Et le moins qu’on puisse dire, c’est que quand il se met en pétard Pépé Bronson, y a pas intérêt à venir lui baver sur les rouleaux.
Cette fois ça ne rigole plus.
Ils lui auraient donné une simple mitraillette, y aurait rien à dire mais là...
Les moyens mis à la disposition de Paul Kersey tiennent en effet plus de la Troisième Guerre mondiale que du vigilantisme urbain. Le déchaînement de violence qui s’étale à l’écran renvoie la Pointe du Hoc au rayon de crêpage de chignon dans le bac à sable entre troisièmes années de maternelle.
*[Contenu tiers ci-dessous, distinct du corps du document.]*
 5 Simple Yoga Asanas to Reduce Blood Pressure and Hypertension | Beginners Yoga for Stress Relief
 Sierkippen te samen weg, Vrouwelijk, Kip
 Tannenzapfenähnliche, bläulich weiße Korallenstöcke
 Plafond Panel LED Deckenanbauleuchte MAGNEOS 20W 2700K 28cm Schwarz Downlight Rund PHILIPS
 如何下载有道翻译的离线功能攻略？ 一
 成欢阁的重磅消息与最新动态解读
A plus de soixante ans, impossible de ne pas rire en voyant un Charles Bronson totalement inexpressif brandir une sulfateuse à faire pâlir Rambo et abattre les punks par grappes de douze pour nettoyer Manhattan au Kärcher. A ce sujet, Bronson a révélé par la suite qu’il n’avait été présent que pour les scènes de champ le montrant tirer, et qu’il n’a découvert que lors de la projection du montage final qu’il massacrait autant de loubards en contrechamp (je n’ai pas compté, mais on approche facilement la cinquantaine de morts). Il était lui-même plus que gêné (et même franchement en colère) devant un tel carnage.
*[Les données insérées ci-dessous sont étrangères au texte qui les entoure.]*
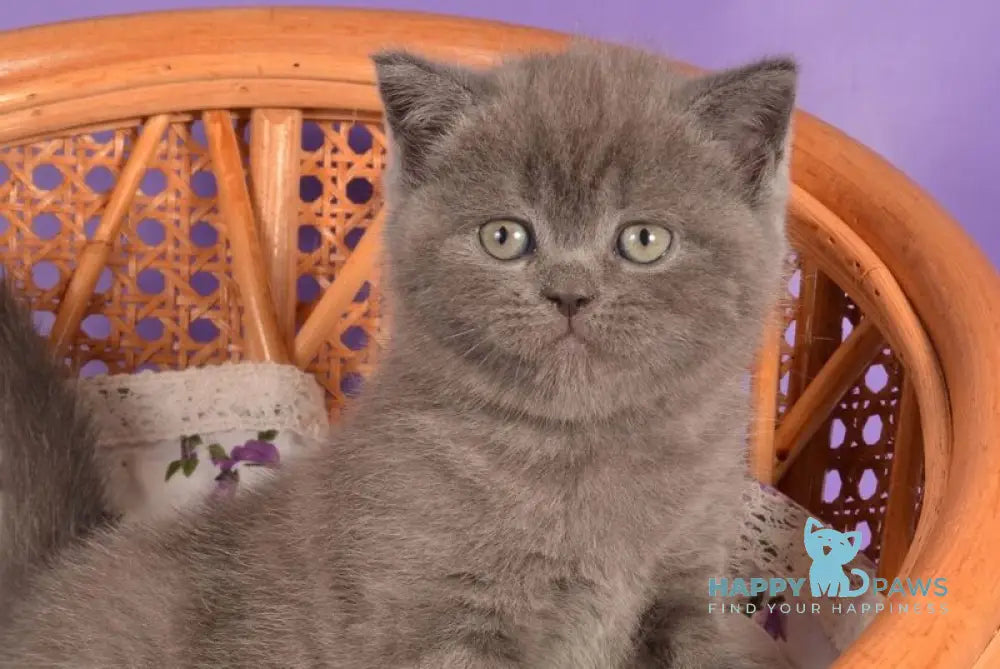Tristan Scottish Straight male blue live animals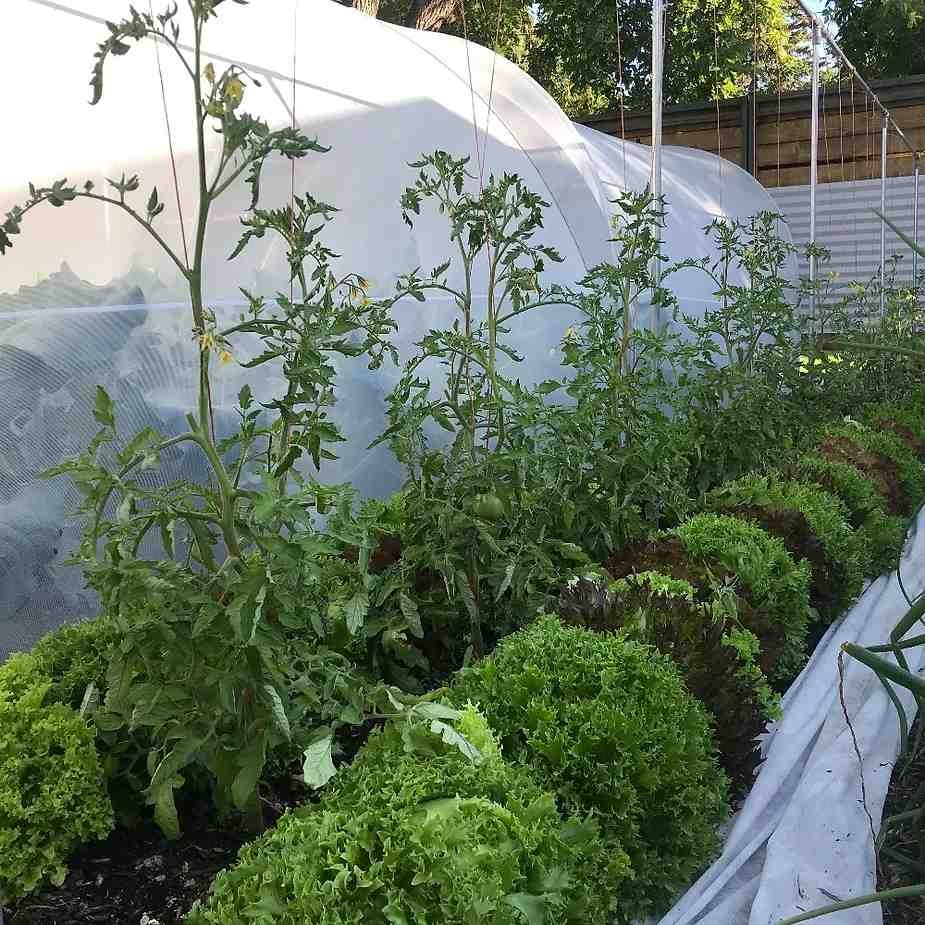 Transplanting grafted plants to the field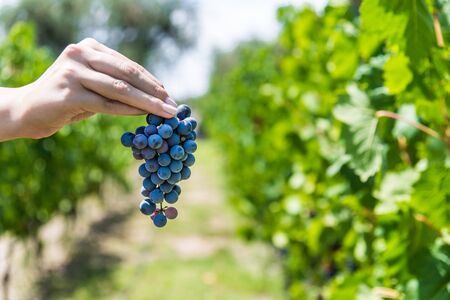 A young woman holding a bunch of red wine grapes in a vineyard.の写真素材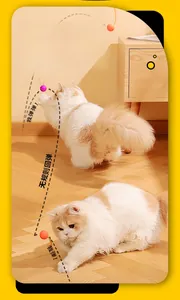 Action shot of cats playing with a colorful elastic silicone ball toy and feather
"Chéri, viens vite voir le voisin en a encore dégommé sept !"
"Vas-y Paul y en a un qui remue encore là-bas !"
Duel au bazooka dans quatorze mètres carrés !
Cette grande scène d’action finale rappelle assez celle des
Guerriers du Bronx 2 mais laisse une impression mitigée. Elle est à la fois très bien filmée et effroyablement mal chorégraphiée. La réalisation nerveuse et pêchue ne parvient pas à masquer des erreurs hallucinantes de continuité et de perspective qui permettent aux personnages de se tirer dessus selon des angles impossibles. Regardez
cet extrait vidéo, il illustre parfaitement la chose. L’ampleur franchement démesurée de cette Bataille de New-York et le premier degré absolu dans l’apologie de l’auto-défense font de cette (longue) scène un véritable régal, alternant des fusillades jouissives et bien foutues avec de grands moments de flottement nanars.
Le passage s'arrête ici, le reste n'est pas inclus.